*** Records for this exercise ***

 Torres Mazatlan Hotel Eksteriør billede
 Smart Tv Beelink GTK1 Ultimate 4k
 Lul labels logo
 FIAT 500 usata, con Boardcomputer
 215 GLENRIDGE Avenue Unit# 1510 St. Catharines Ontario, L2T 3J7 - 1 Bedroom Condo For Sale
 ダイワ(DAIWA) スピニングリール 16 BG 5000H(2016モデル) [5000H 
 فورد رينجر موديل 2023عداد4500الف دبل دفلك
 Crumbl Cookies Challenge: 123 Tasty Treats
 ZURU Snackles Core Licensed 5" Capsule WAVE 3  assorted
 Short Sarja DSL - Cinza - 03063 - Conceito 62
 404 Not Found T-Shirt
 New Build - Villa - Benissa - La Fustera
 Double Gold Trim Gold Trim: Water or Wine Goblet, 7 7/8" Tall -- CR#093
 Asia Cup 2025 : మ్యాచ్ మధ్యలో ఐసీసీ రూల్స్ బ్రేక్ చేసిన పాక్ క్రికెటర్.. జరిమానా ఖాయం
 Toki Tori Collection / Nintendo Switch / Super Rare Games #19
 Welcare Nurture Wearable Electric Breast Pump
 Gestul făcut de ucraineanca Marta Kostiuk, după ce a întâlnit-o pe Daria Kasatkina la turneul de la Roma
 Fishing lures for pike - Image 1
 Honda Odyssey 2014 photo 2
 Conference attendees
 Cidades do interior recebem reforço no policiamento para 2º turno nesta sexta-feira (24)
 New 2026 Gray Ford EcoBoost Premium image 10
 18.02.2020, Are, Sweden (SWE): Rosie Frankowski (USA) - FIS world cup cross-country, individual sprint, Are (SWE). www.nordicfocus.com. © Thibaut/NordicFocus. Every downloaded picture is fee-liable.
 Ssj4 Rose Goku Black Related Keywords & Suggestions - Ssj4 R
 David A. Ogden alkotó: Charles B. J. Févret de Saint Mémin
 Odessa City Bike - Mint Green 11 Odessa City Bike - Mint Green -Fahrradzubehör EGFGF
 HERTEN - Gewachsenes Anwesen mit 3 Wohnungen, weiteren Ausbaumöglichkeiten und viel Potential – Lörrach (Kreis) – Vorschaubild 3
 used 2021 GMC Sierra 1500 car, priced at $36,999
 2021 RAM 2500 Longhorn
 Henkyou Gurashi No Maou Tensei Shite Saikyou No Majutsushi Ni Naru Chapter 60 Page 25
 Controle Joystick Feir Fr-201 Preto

*** End of Records for this exercise ***

## What needs to be done
Repeat, character for character, the lines of the material above from the line with "404 Not Found T-Shirt" through the line with "18.02.2020, Are, Sweden".

## Task solution
 404 Not Found T-Shirt
 New Build - Villa - Benissa - La Fustera
 Double Gold Trim Gold Trim: Water or Wine Goblet, 7 7/8" Tall -- CR#093
 Asia Cup 2025 : మ్యాచ్ మధ్యలో ఐసీసీ రూల్స్ బ్రేక్ చేసిన పాక్ క్రికెటర్.. జరిమానా ఖాయం
 Toki Tori Collection / Nintendo Switch / Super Rare Games #19
 Welcare Nurture Wearable Electric Breast Pump
 Gestul făcut de ucraineanca Marta Kostiuk, după ce a întâlnit-o pe Daria Kasatkina la turneul de la Roma
 Fishing lures for pike - Image 1
 Honda Odyssey 2014 photo 2
 Conference attendees
 Cidades do interior recebem reforço no policiamento para 2º turno nesta sexta-feira (24)
 New 2026 Gray Ford EcoBoost Premium image 10
 18.02.2020, Are, Sweden (SWE): Rosie Frankowski (USA) - FIS world cup cross-country, individual sprint, Are (SWE). www.nordicfocus.com. © Thibaut/NordicFocus. Every downloaded picture is fee-liable.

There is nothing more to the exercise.